Christianity in large part sets believers into impotence and inaction (Revelation, Rapture, Second Coming, greater beings, etc), prejudicially believing as inevitability what is genuinely wholly uncertain; in this way it stunts positive action and in so doing aids sureity of negativity. The reality is that the Future is unset, uncertain; all propaganda, predictions, etc are formed by contenders using psychology, weakness and delusion to their advantage. Be careful what you believe.

● “gospel” is a greek word fully translated into “good news of military victory”

That’s a defensible compressed interpretation, but I’d phrase it a little more carefully.

“Gospel” comes from Old English “godspel,” meaning “good news” or “good story,” and it translates the Greek word:

εὐαγγέλιον
euangelion

Meaning:

good news
glad tidings
favorable announcement

In the Greco-Roman world, euangelion could absolutely be used for public imperial or military announcements, including news of victory, accession, conquest, peace, or the birth/enthronement of a ruler.

So:

“good news of military victory”

is not wrong as a historical use-case, especially in imperial contexts.

But it is probably too narrow to say “fully translated into” that.

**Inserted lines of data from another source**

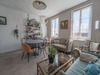 Ma-Cabane - Location Appartement ROUEN, 65 m²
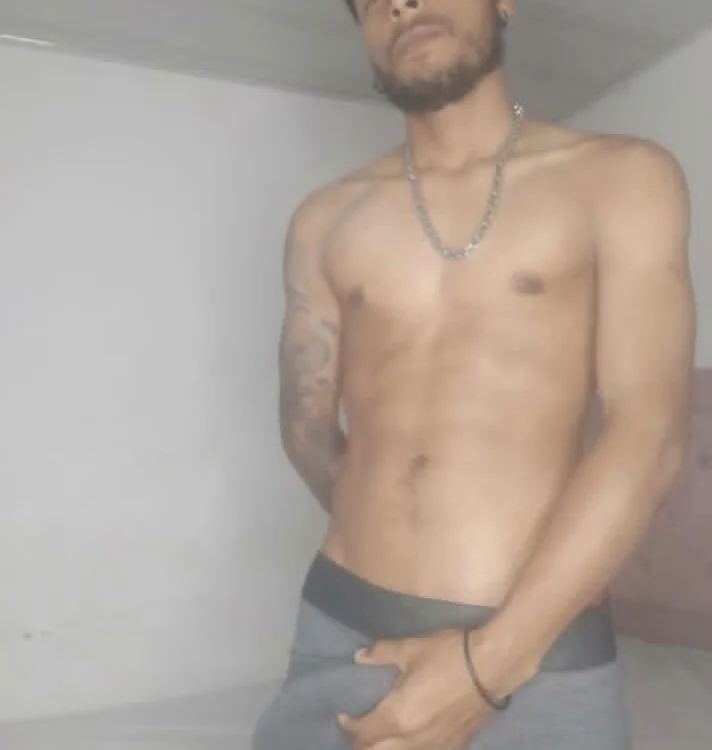 8_HADES' Offline Chat Room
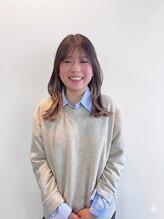 スタイル 茅ケ崎(STYLE) 石塚 光瑠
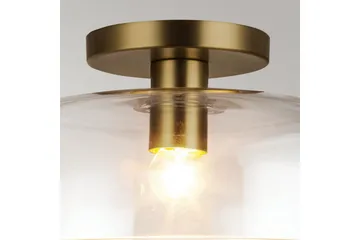 Sylvia Alora Mood Taklampe - Belysning - Innendørsbelysning & Lamper - Taklampe - Takplafond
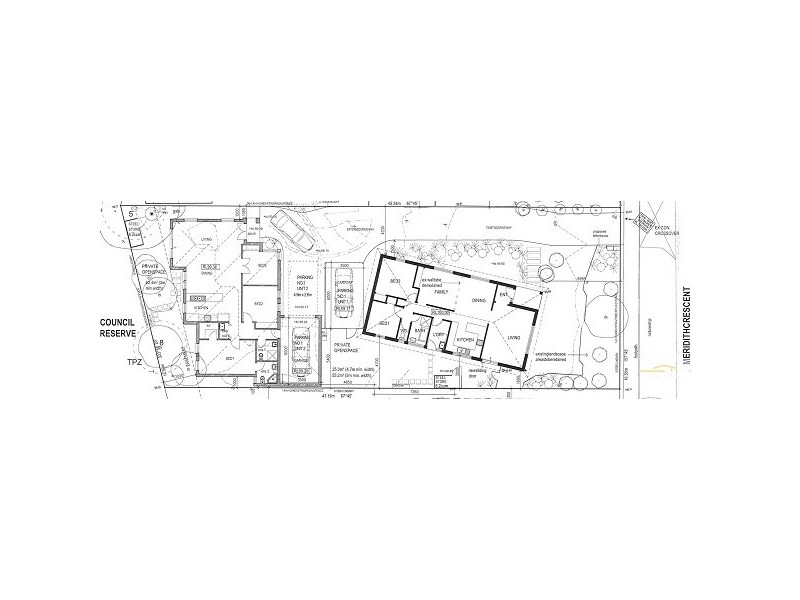 59 Meredith Crescent, Hampton Park VIC 3976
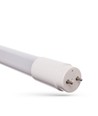 150cm Armatuur + 2x LED buis T8 - IP65, doorvoerbedraad
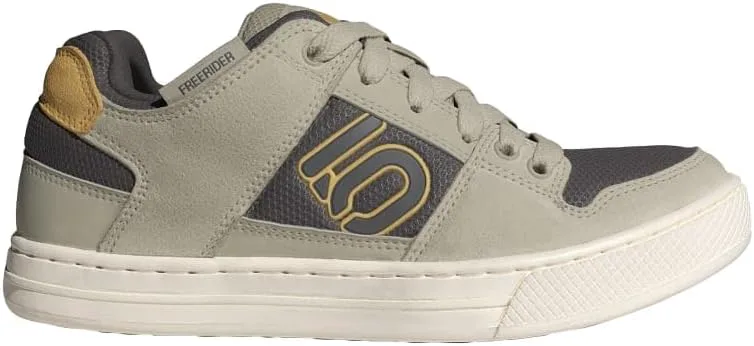 

Мужские велосипедные кроссовки Adidas Five Ten Freerider, серый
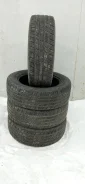 BFGoodrich Touring T/A. ������, 2011 ���, �/�, ����� 20 % ����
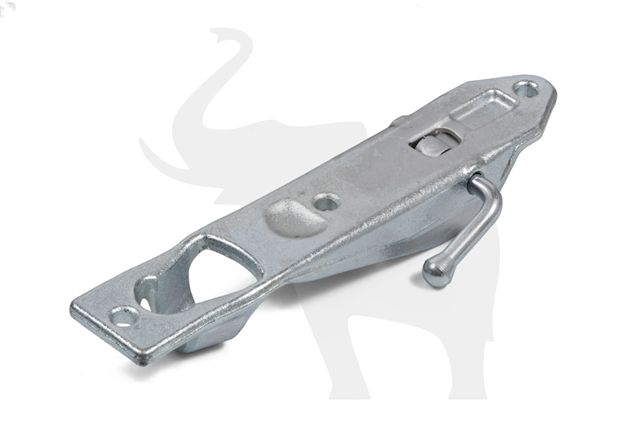 CONTRASUPORT INCHIDERE USI SPATE 830637 [2]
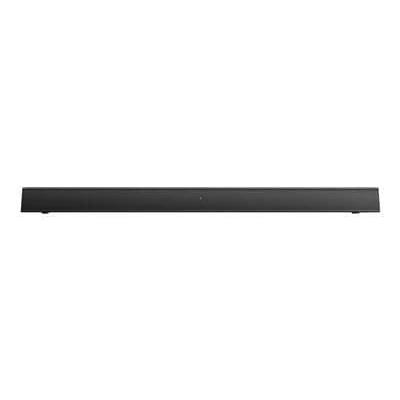 Philips B5106 2.0-Channel Soundbar with HDMI ARC Support, RokuTV Ready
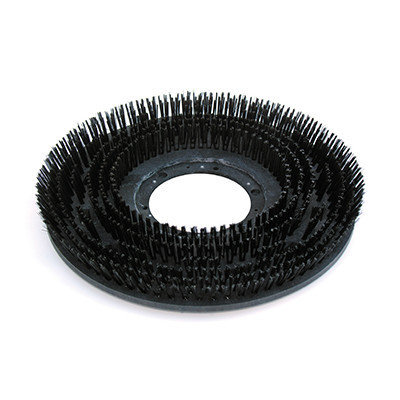 O-cedar Commercial MaxiPlus Stripping Rotary Brush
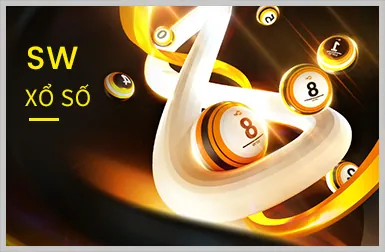 Khuyến Mãi Sự Kiện Đặc Biệt tylebong88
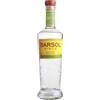Barsol Pisco Mosto Verde Italia - Barsol Pisco - 700 ml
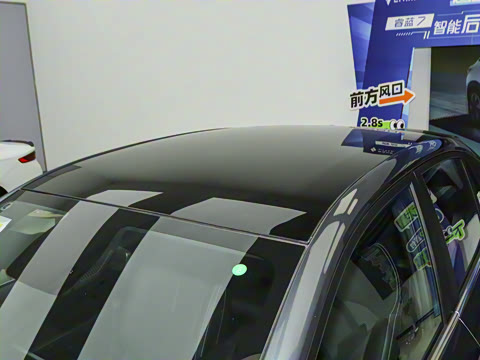 2024�� 605km ��ҫ��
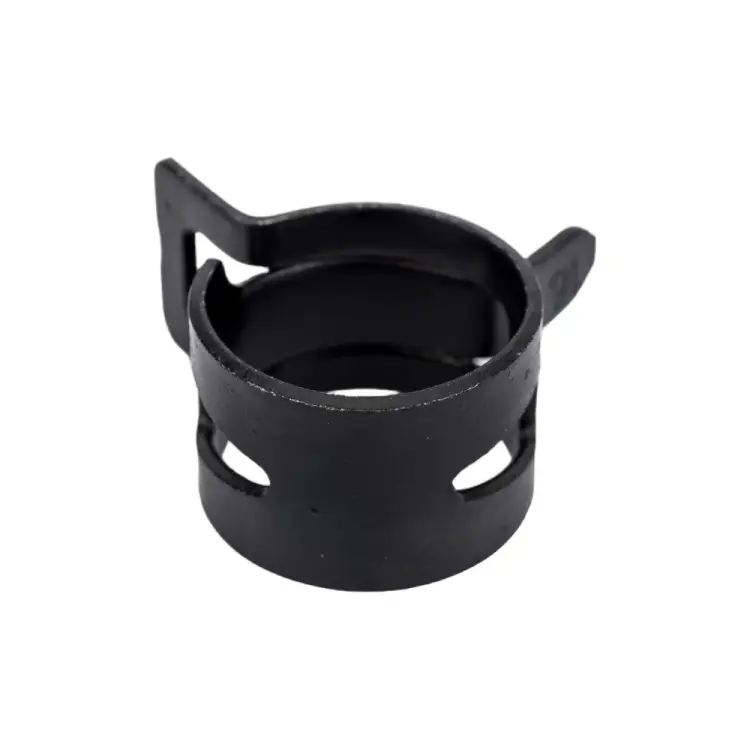 Пружинный хомут MGF 1-7-1-16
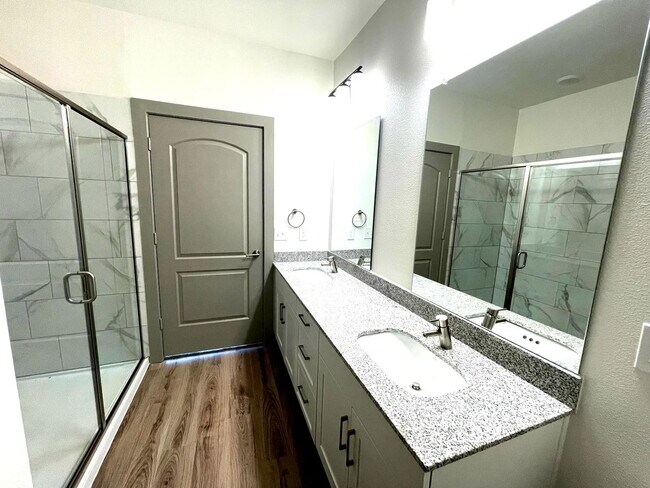 Building Photo - 2514 Bell Gin Rd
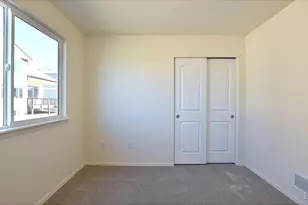 616 87th Ave, Greeley, CO 80634 - Photo 31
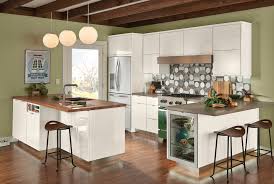 kraftmaid catalog details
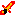 fire sword Item 6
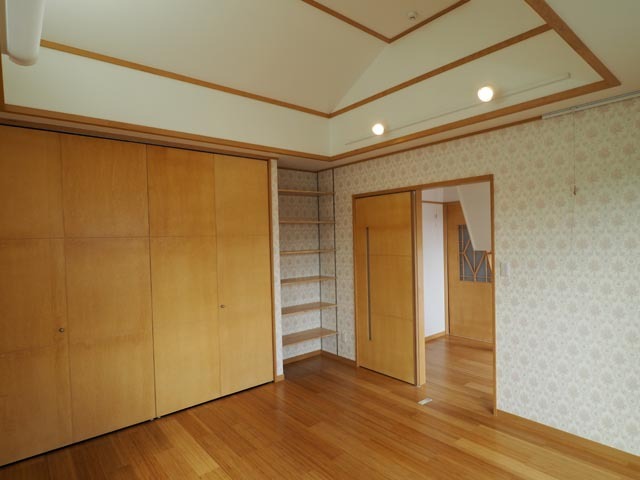 [世田谷の設計事務所]設計工房アクトデザ...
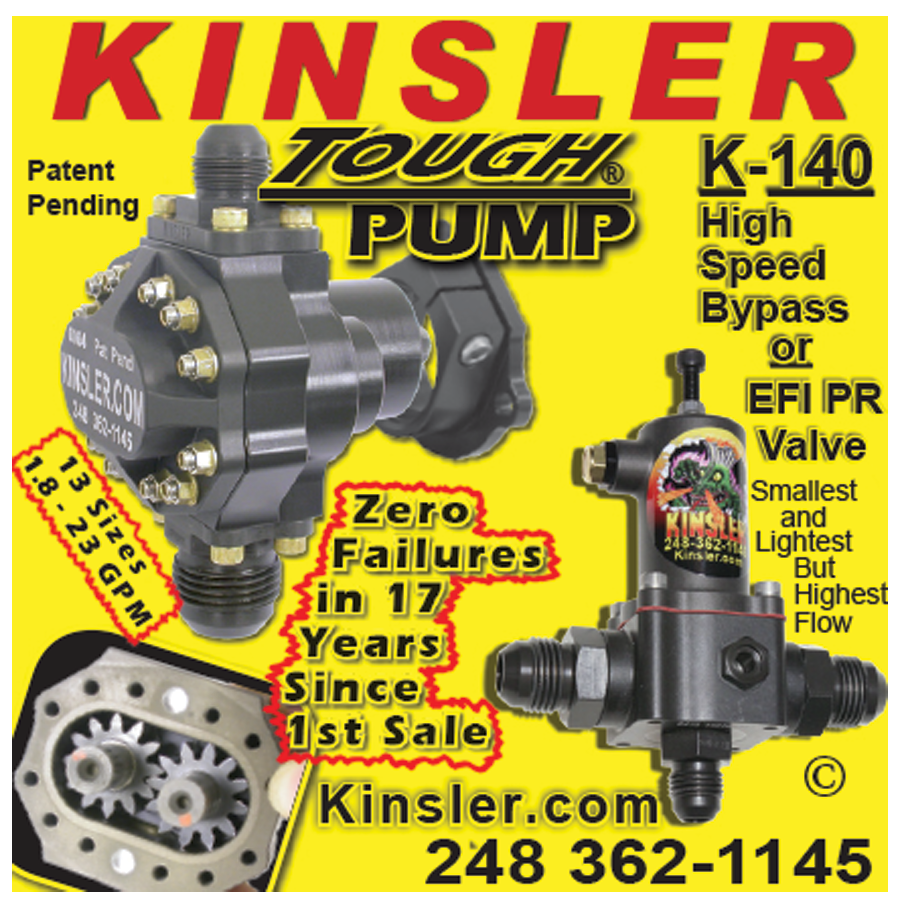kinsler.png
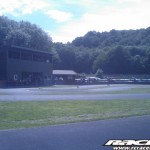 brcaeighthHalifaxTrack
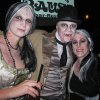 30.10.2010 Schelloween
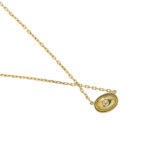 33882-collana-oro-punto-luce-diamanti 6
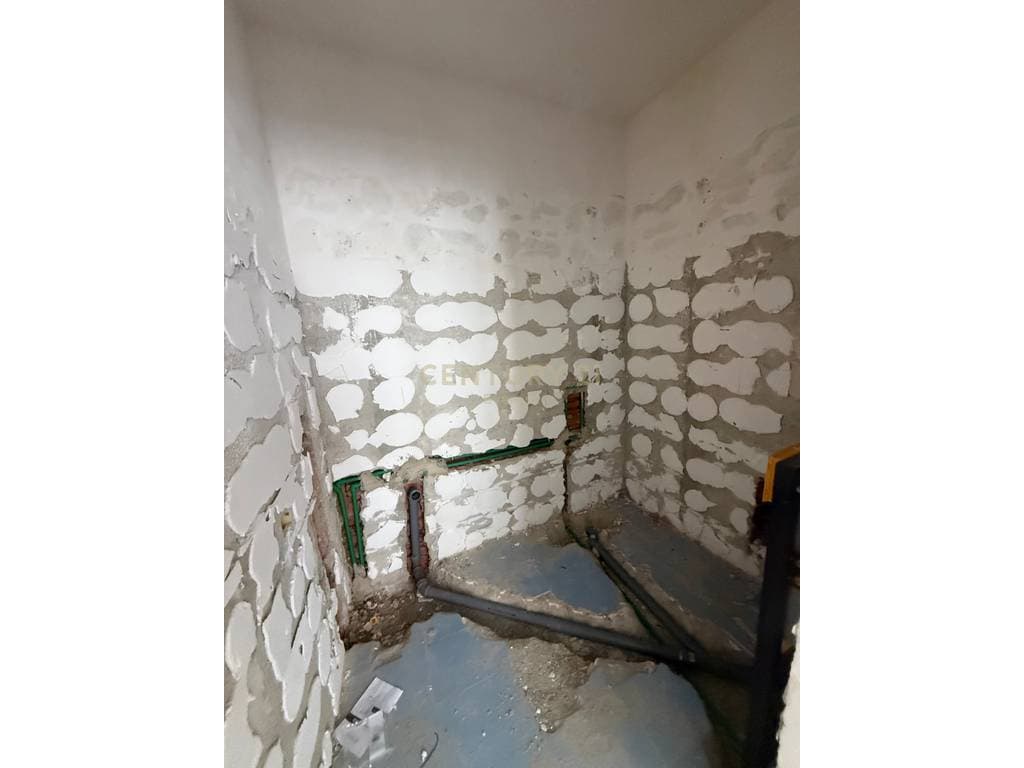 GOLEM, SHESIM APARTAMENT 2+1+2 - 950€/M2 2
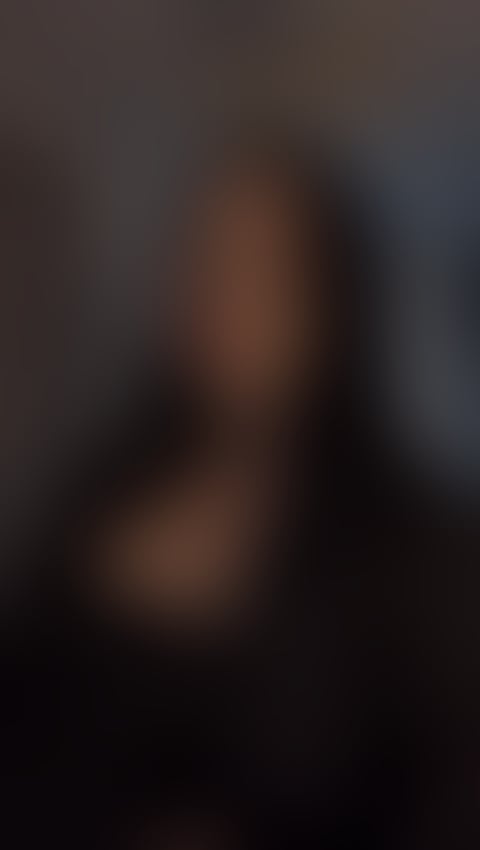 Escorts Nottinghamshire Nottingham - 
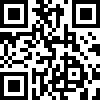 https://qudsonline.ir/x8jH7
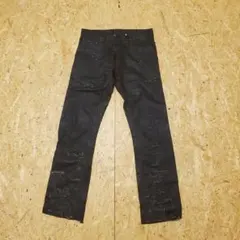 2025年最新】dior homme デストロイの人気アイテム - メルカリ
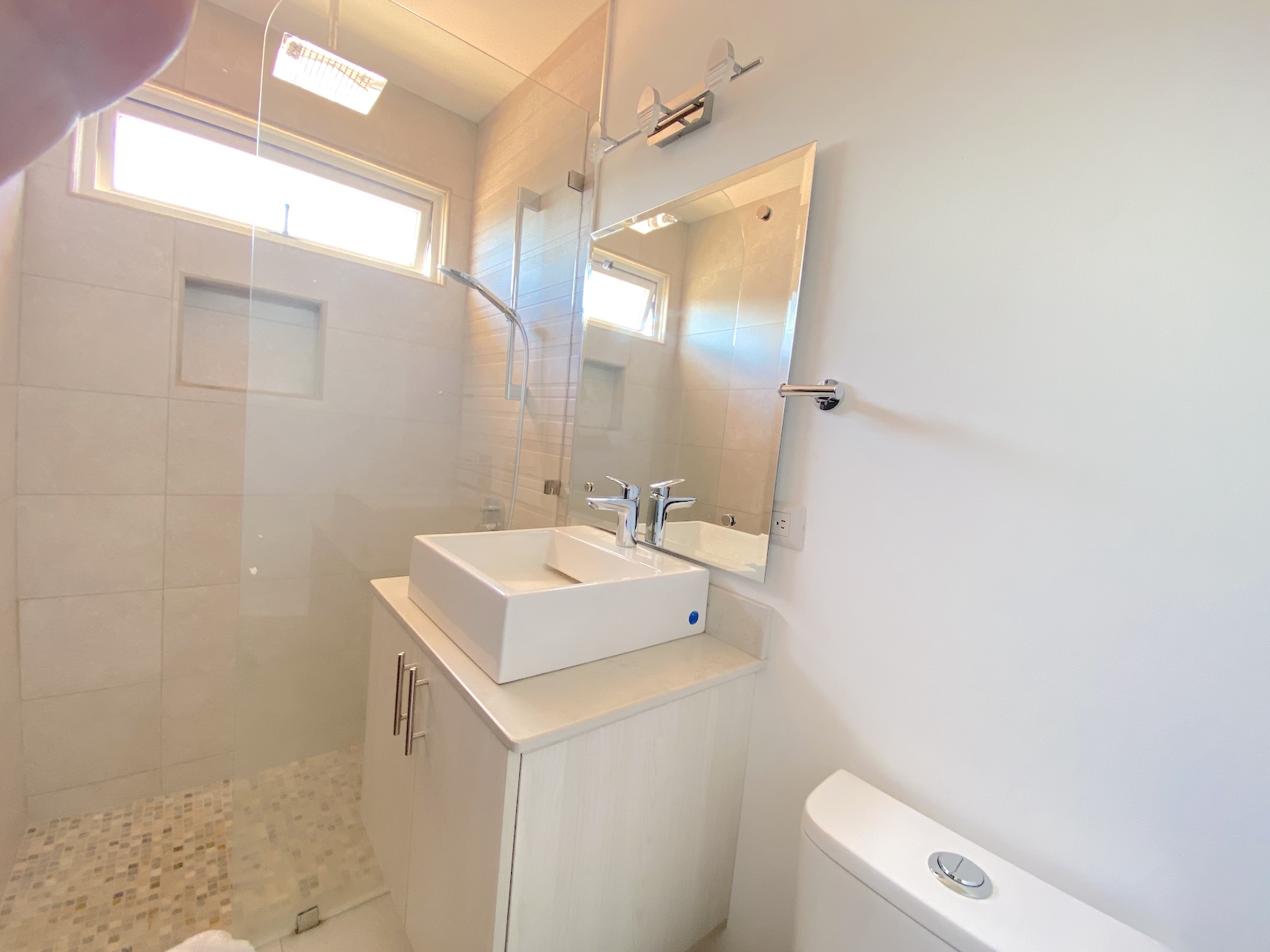 4 bed Single Family Homes For Sale in Santa Ana, San Jose - thumb 22
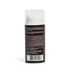 730866---Tonico-Para-Crescimento-Da-Barba-Blend-Original-Barba-De-Respeito-30ml-2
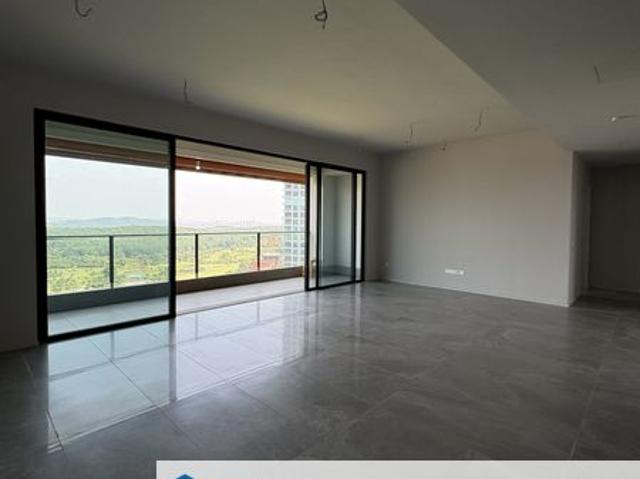 Condominium for sale in Petaling, Damansara Damai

The Greek word itself is broader:

eu = good
angelion = message/news/announcement

More literal:

good announcement
good news
glad tidings

More historically loaded:

a royal/imperial victory announcement
a proclamation of triumph
news that a new order has arrived

That matters because the New Testament use of “gospel” is not just “nice religious news.” It has a public, royal, political edge:

Jesus is Lord.
The true king has won.
God’s kingdom has arrived.
The powers are being displaced.
Peace has been announced through victory.

So I’d sharpen your sentence to:

“Gospel” translates the Greek euangelion: good news, often used in the ancient world for royal or military victory announcements.

Or more punchy:

“Gospel” means good news — not private religious advice, but the kind of public announcement made after a king’s victory.